*Problem statement*. Your task is to repeat exactly the lines below between the line holding "Personalised New Zealand" and the line holding "Gray Scale Flower II Shadowbox by Art Remedy", inclusive, and only those.

*Given information*.
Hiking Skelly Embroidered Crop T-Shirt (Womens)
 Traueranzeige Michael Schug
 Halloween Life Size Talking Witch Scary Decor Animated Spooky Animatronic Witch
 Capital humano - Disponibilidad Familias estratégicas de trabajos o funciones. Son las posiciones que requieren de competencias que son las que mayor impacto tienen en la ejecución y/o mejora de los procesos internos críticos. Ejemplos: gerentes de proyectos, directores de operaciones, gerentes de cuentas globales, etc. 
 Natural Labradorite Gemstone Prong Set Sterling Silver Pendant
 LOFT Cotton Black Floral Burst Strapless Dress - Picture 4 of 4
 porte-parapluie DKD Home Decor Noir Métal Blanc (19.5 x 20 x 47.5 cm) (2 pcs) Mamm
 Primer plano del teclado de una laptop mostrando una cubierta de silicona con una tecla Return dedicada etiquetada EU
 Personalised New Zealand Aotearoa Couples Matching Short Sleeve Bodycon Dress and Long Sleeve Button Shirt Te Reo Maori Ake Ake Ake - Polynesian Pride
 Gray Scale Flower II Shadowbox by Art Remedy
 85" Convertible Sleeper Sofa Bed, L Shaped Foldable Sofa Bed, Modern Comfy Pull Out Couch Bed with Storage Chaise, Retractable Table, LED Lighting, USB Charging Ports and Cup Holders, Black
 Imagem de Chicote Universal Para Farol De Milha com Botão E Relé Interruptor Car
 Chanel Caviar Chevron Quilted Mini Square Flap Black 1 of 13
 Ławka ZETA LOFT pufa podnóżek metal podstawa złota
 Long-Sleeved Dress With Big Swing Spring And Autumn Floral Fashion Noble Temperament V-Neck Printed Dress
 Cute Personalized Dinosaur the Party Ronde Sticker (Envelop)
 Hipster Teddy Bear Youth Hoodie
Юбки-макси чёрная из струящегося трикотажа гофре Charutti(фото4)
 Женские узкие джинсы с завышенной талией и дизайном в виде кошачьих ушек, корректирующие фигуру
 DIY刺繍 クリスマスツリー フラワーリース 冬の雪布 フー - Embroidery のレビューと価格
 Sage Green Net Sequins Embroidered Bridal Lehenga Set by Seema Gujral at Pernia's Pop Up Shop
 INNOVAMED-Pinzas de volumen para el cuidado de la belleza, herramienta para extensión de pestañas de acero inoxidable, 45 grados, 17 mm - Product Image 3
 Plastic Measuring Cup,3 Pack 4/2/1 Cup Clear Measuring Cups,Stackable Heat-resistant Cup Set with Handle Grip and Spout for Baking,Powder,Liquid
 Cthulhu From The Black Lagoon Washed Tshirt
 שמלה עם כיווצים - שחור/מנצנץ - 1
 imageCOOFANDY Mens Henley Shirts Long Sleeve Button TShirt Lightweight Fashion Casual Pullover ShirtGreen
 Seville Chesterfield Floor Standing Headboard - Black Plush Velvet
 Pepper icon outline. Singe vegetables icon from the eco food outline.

*Response to the exercise*.
 Personalised New Zealand Aotearoa Couples Matching Short Sleeve Bodycon Dress and Long Sleeve Button Shirt Te Reo Maori Ake Ake Ake - Polynesian Pride
 Gray Scale Flower II Shadowbox by Art Remedy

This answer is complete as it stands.